Accounts that the head of the Patent Office is job shopping or otherwise frequently absent from the Patent Office have been complemented by an interview she recently gave to Law360:
According to Law360, San Francisco (May 3, 2016), Under Secretary Michelle K. Lee is planning to join a panel of the PTAB because “she’d like to see firsthand how the proceedings are running.” To the extent that the head of the Agency would fully prepare for a hearing including studying all the briefs of the case and is willing to fully work through the opinion decision and writing process, this is fine and should be welcomed. The Under Secretary has the requisite technical and legal training to do a fine job. Indeed, there is precedent for previous political appointees to do just that.
To the extent that the head of the Agency, however, would just drop in some day “to see firsthand how the proceedings are running” and not be prepared to completely study the record in advance and fully participate in the decision making process is yet another matter. It effectively deprives the litigants of a full panel decision that is their right under the procedures of the Office.
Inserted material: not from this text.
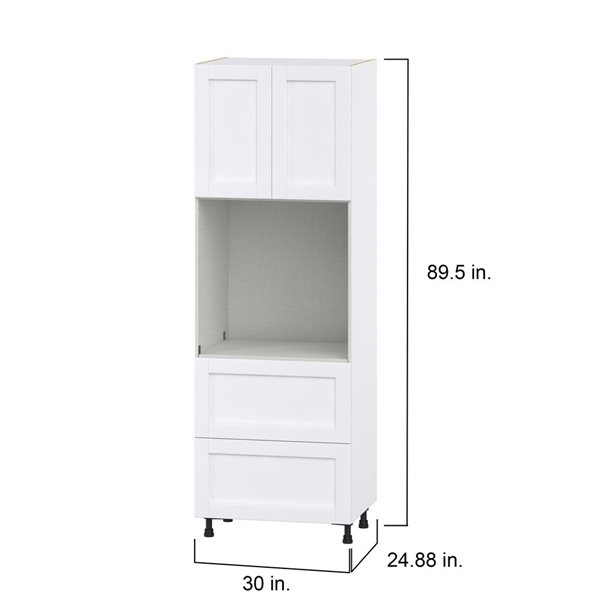 Hugo&Borg Rosemont 30 x 89.5 x 24.88 Glacier White Door And Drawer Pantry Semi-Custom Cabinet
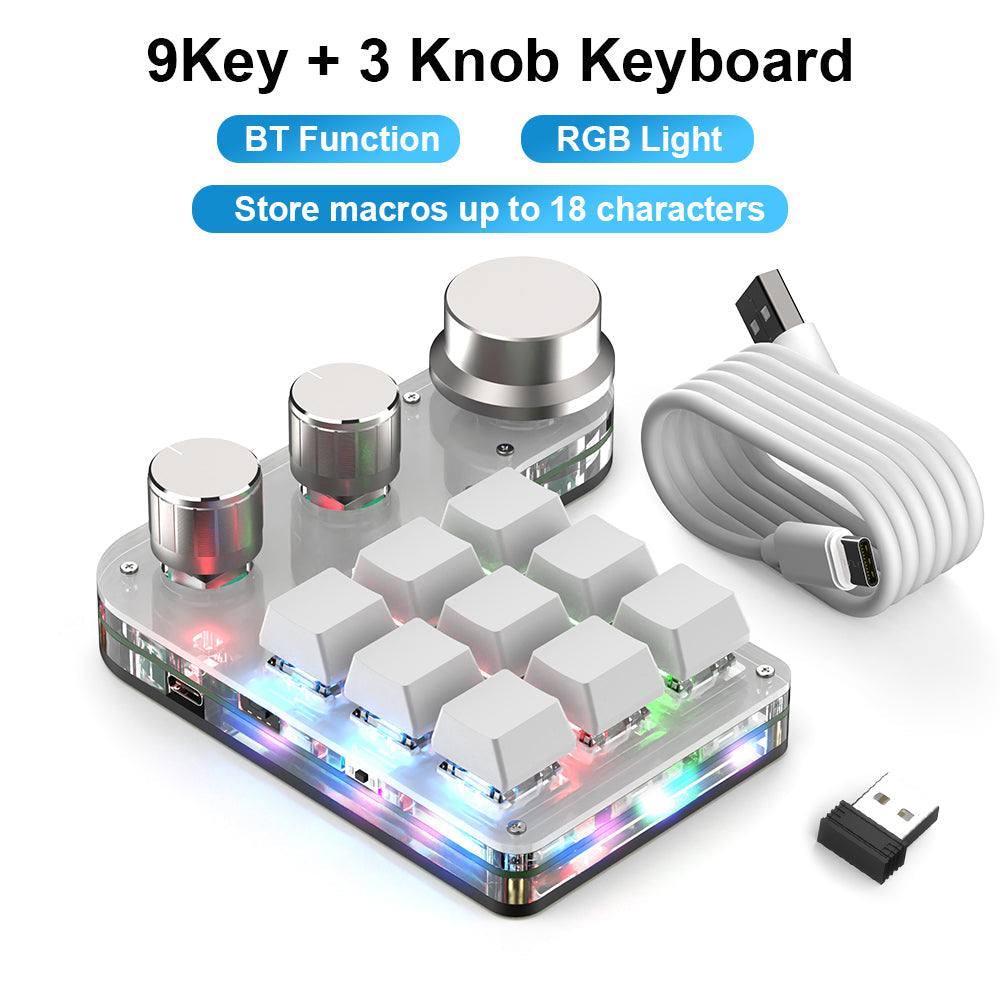 White 9-key 3-knob wireless RGB programmable mini keyboard with USB receiver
Alappat, Déjà vu: Injection of the political leadership into the substantive work of the Board can also be problematic. It is one thing for a political leader of the Office to sit on occasion and be a part of the preparations for and deliberation of a case as happened, for example, when the Hon. Sharon R. Barner was Deputy Under Secretary, where she was fully prepared and was able to participate fully in proceedings. At the other end of the spectrum one may note the notorious Board-packing activity of a former leader of the PTO, Harry Manbeck, in In re Alappat, 33 F.3d 1526,1530-36 (Fed. Cir. 1994)(en banc),. Alappat is a plurality opinion where three members agreed only with the procedural result (Archer, C.J., Nies, Plager, JJ.), while several dissented (Mayer, Michel, Clevenger, Schall, JJ., dissenting).